§ TASK DIRECTIONS: Every line below between the line holding "klerkarina online show from 02/21/25, 09:02" and the line holding "Fully furnished and equipped kitchen", inclusive, should be repeated exactly, and all other lines omitted.

§ INPUT MATERIAL:
____________________

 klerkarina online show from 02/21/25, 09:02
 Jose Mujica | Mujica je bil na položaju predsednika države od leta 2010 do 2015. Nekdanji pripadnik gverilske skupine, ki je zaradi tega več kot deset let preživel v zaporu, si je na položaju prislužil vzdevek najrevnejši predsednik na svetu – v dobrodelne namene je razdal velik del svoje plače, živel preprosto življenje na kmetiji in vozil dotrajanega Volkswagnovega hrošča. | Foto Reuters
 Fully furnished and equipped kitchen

____________________

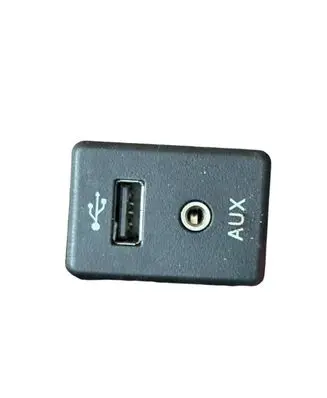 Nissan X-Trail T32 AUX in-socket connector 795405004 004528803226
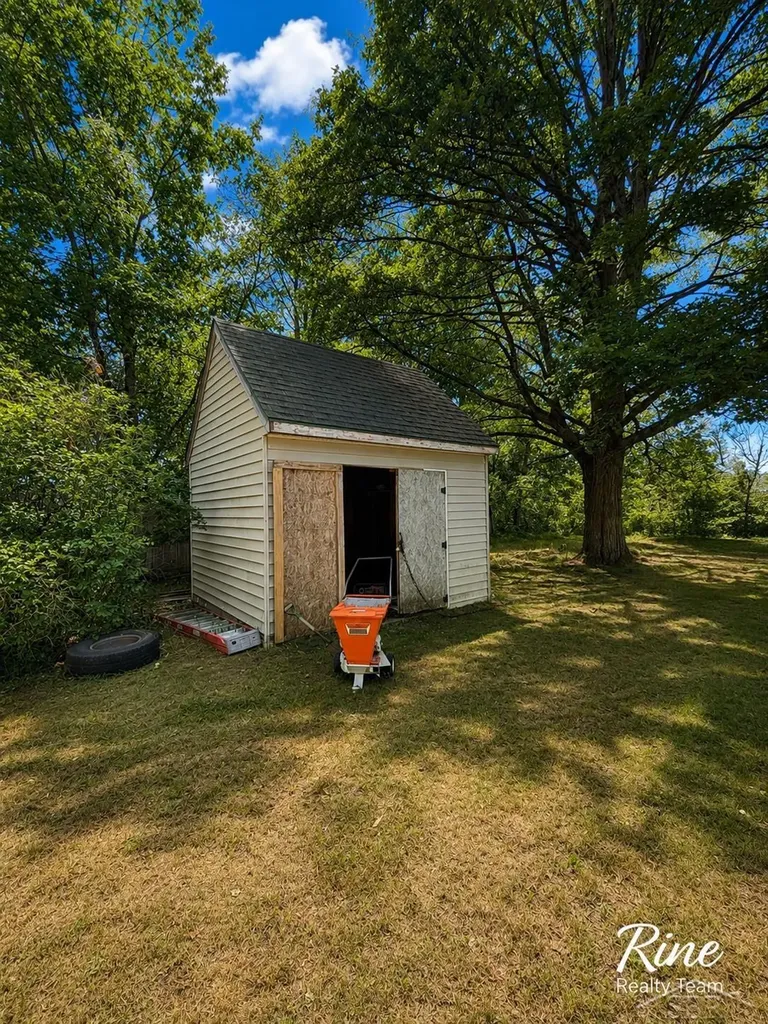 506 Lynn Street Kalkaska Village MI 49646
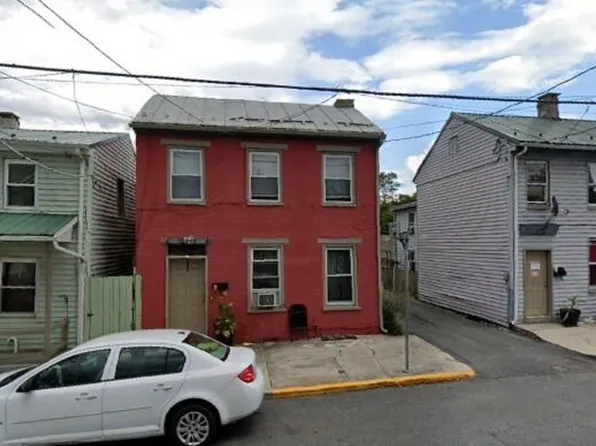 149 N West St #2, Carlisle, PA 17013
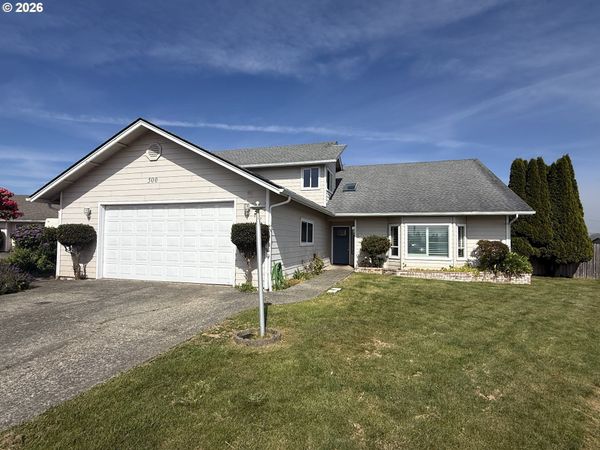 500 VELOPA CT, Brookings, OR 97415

____________________

§ SOLUTION FOR THIS EXERCISE:
 klerkarina online show from 02/21/25, 09:02
 Jose Mujica | Mujica je bil na položaju predsednika države od leta 2010 do 2015. Nekdanji pripadnik gverilske skupine, ki je zaradi tega več kot deset let preživel v zaporu, si je na položaju prislužil vzdevek najrevnejši predsednik na svetu – v dobrodelne namene je razdal velik del svoje plače, živel preprosto življenje na kmetiji in vozil dotrajanega Volkswagnovega hrošča. | Foto Reuters
 Fully furnished and equipped kitchen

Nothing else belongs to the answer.